KonMari Your Yoga!

KonMari Your Yoga!

You’ve heard of KonMariby now, right?  If not, it’s what is sweeping the nation with the Life Changing Magic of Tidying Up. Marie Kondo, the author of this book, even has her own Netflix specials!  The (super simplified) premise is basically to hold each item you own in your hand and if it brings you joy, keep it. If not, thank it and toss it out! From her website, “People around the world have been drawn to this philosophy not only due to its effectiveness, but also because it places great importance on being mindful, introspective and forward-looking.”While I am a HUGE fan of minimalism and simplicity, the idea of KonMari sounds exhausting.  Who has time to go through EVERY item in your home and do this (besides our beloved Mary)? So I decided we need a shortened version of KonMari to clean up our lives:

  • Come to yoga.

  • If you feel better, keep coming!

  • If not, thank yoga for its time and let it go. 🙂

Simple, right?  There may be a little more to it than that.  Let me explain…
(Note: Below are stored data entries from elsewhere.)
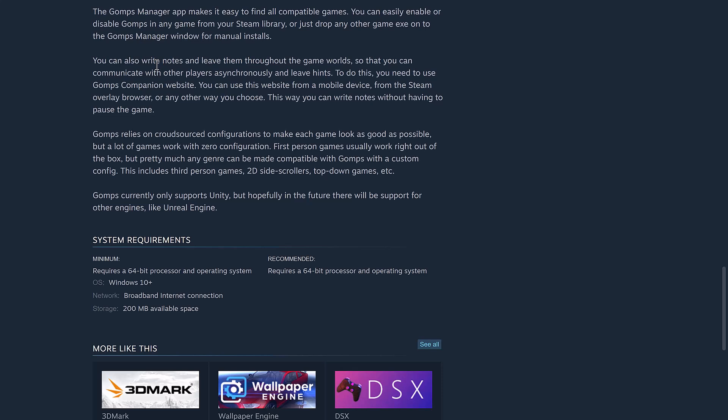It relies on crowdsourced configurations to make each game look as good as possible. A lot of games work with zero configuration. First-person games usually work right out of the box. Pretty much any genre can be made compatible with GOMPS with a custom configuration. This includes third-party games, 2D side-scrolls, top-down games, etc. Currently only supports the Unity game engine, but hopefully in the future there will be support for other engines like Unreal Engine. That is just really freaking cool.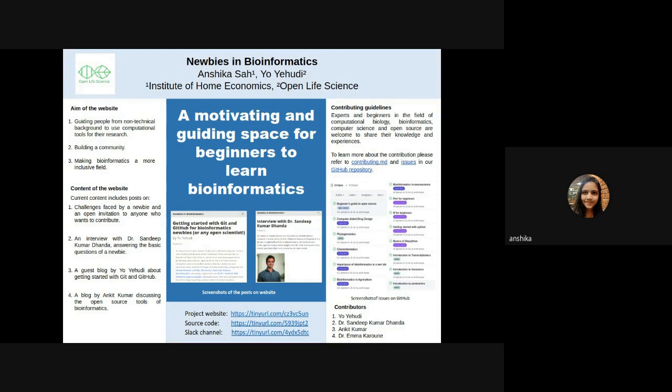The third post is a guest blog by Yo Yehudi about getting started with Git and GitHub, where she beautifully explains GitHub and some basic concepts about why it can be useful to someone getting started doing computational work.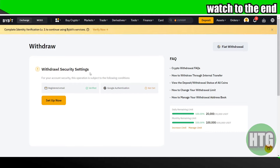After clicking on withdraw, this is the page you will see. Currently my account is not verified, so it wants me to verify. If your account is verified, you will be able to see a list of cryptocurrencies. Here you have to select the cryptocurrency you want to transfer.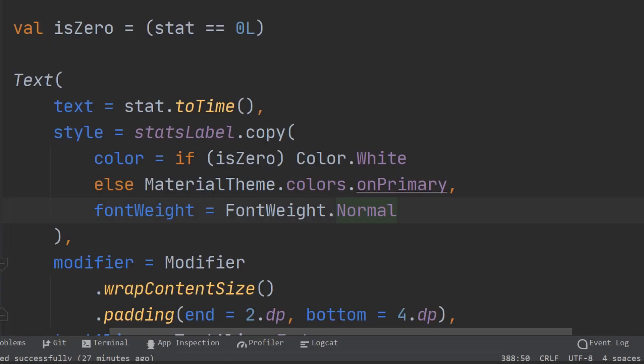As a bonus tip, if you want to apply a custom style to a text composable, use the style default argument. Text style happens to have its own copy function in case you need to tweak things a little bit.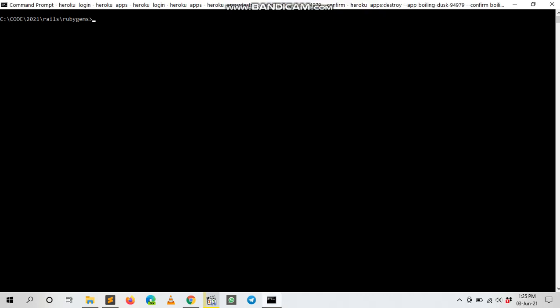Hello guys, this is Mahi. Welcome to my channel. Today I'll show you how to delete a git branch from your command line. This is very easy. First of all, you need to check the branches. Okay, now we are in master.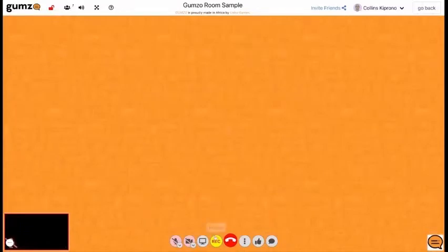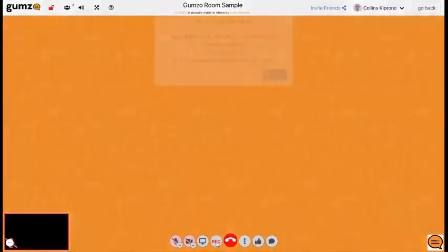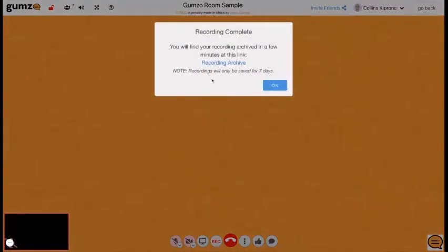When you're ready and all done, click on the record button then save your recording. Note that the room owners will always have access to the record button. If you have any questions concerning this, just contact us at gumza.com.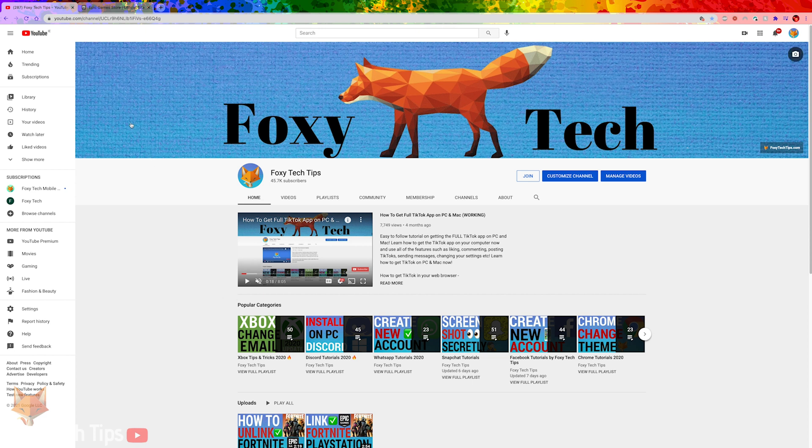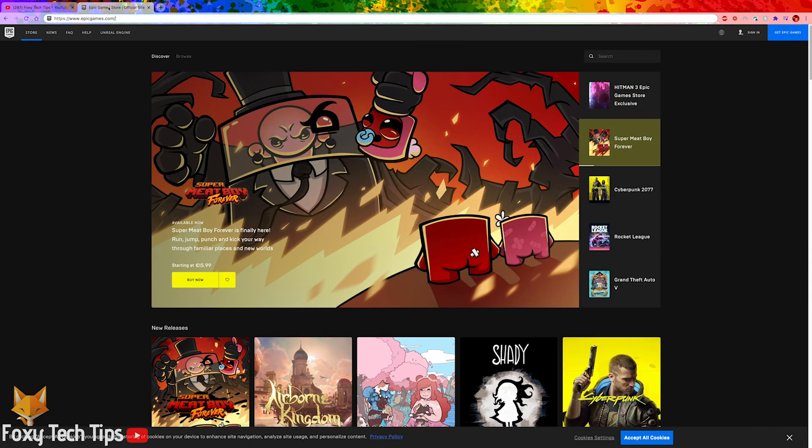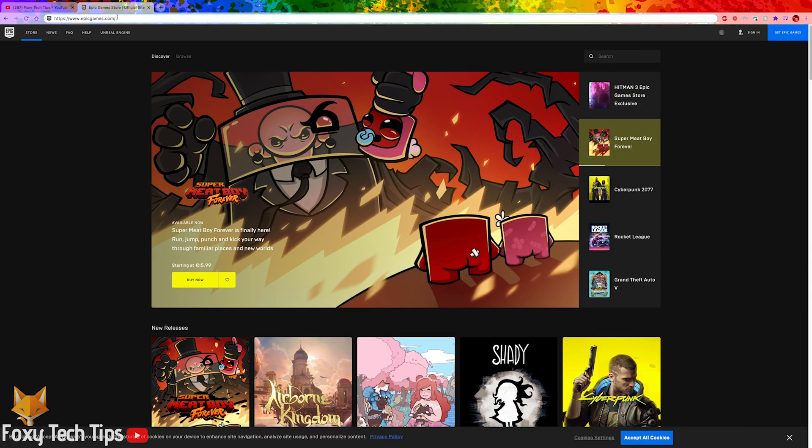To start, open up a web browser on your console, mobile, or PC.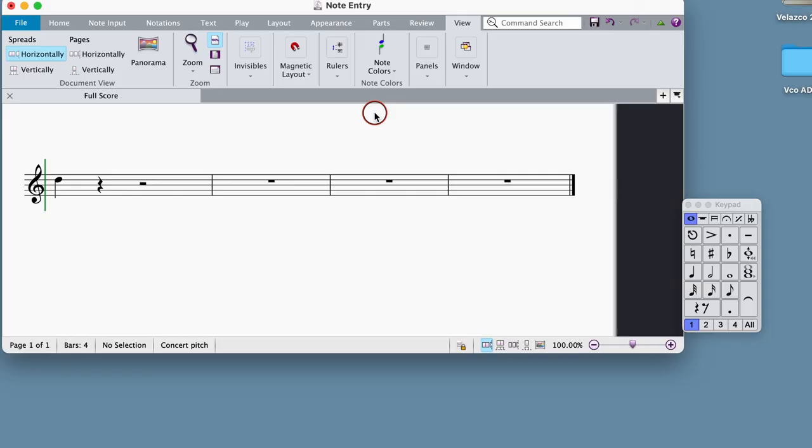Since our first project focuses only on note duration, let's enter all of our notes on the third space from the bottom of a treble clef staff. This is the space called C.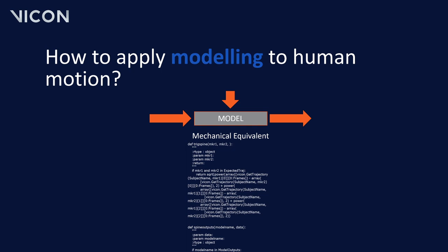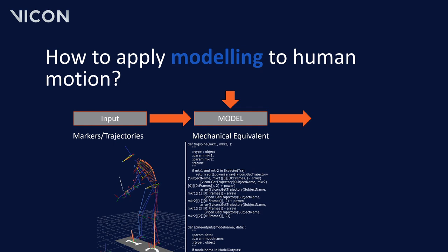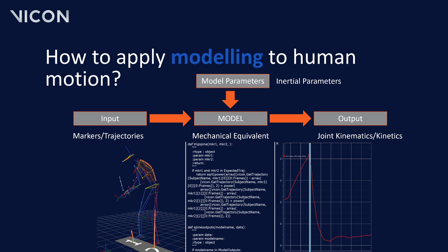Now that we know why we need a biomechanical model, let's look at how we can apply modeling to human motion. First, we have our markers or trajectories as our input. This information will be provided by your motion capture system. Secondly, we have any inertial parameters, for example anthropometrical data. Both these inputs get applied to our biomechanical model. In this example, we have our output looking at compression in the spine.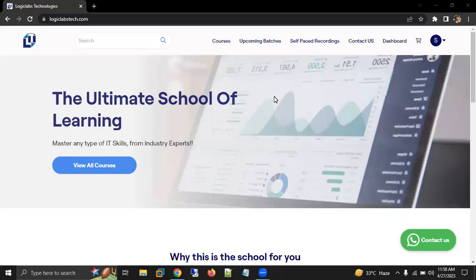Hello all, I'm Ankit Desai, your AWS and Azure trainer. In this video, I'm going to tell you how you can access your course on our website called logiclabstack.com. To access your course, first of all you need to login to our website logiclabstack.com.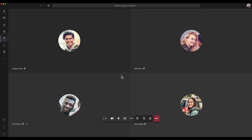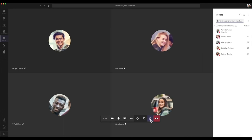Taking attendance is easy with Microsoft Teams. To get your attendance report, select the Show Participants icon and then select Download Attendee List.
There are times in life where our yoga actually works against us and we believe it isn’t bringing us joy.  Sometimes when we practice yoga regularly, we start noticing some unhealthy habits we have carried along the way: self-judgment, needing to push harder, be better, faster, perfectionism, competition, self-loathing.  You name it and it can come up in Yoga. Think of these moments as the part of KonMari where you have to take everything out of the drawers, the closets, the cabinets. You have to organize it and see it all before you can let go of what you don’t need or what doesn’t bring you joy.  It’s not the yoga that doesn’t bring you joy anymore, it’s that you can no longer continue the path your own and be so self-critical. You can no longer unsee those unshiny parts of you. Those unshiny parts are the parts that don’t bring you joy any more. Let those go and the yoga will bring you joy again!

There are a few other times your Yoga might not bring you joy. At first most of us need the more challenging physical practices to get us out of our head. After a while we find the fast, hard physical practices actually keep us stuck.  We think we can’t do yoga if we can’t move the body. Something happens and we get injured or the body slows down and the mind says, “Holy hell if I can’t move faster, push harder… then I am awful at this.” Or once we find the body knows what to do, the mind says we don’t like yoga any more.  The mind says, “I’m bored. I’ve got this… What’s next?”

My teacher, Sarah Powers, used to ask us, what will you do if your body gives out on you? How will you practice yoga then? My other teacher, Max Strom, would say if your yoga isn’t turning you into a more kind and gentle human being, then find a new teacher. Through learning from both of these amazing humans, I found the magic was in tidying up the mind and heart.

At first we have to address the body. When the body is irritated or cranky, we can’t even begin to deal with the mind.  We can do this through breathwork and a series of poses to open and strengthen the body. We have to find a balance of the two. That is what our Mindful Flow and Mindful Movement classes are all about- letting go of the aches and pains of the body!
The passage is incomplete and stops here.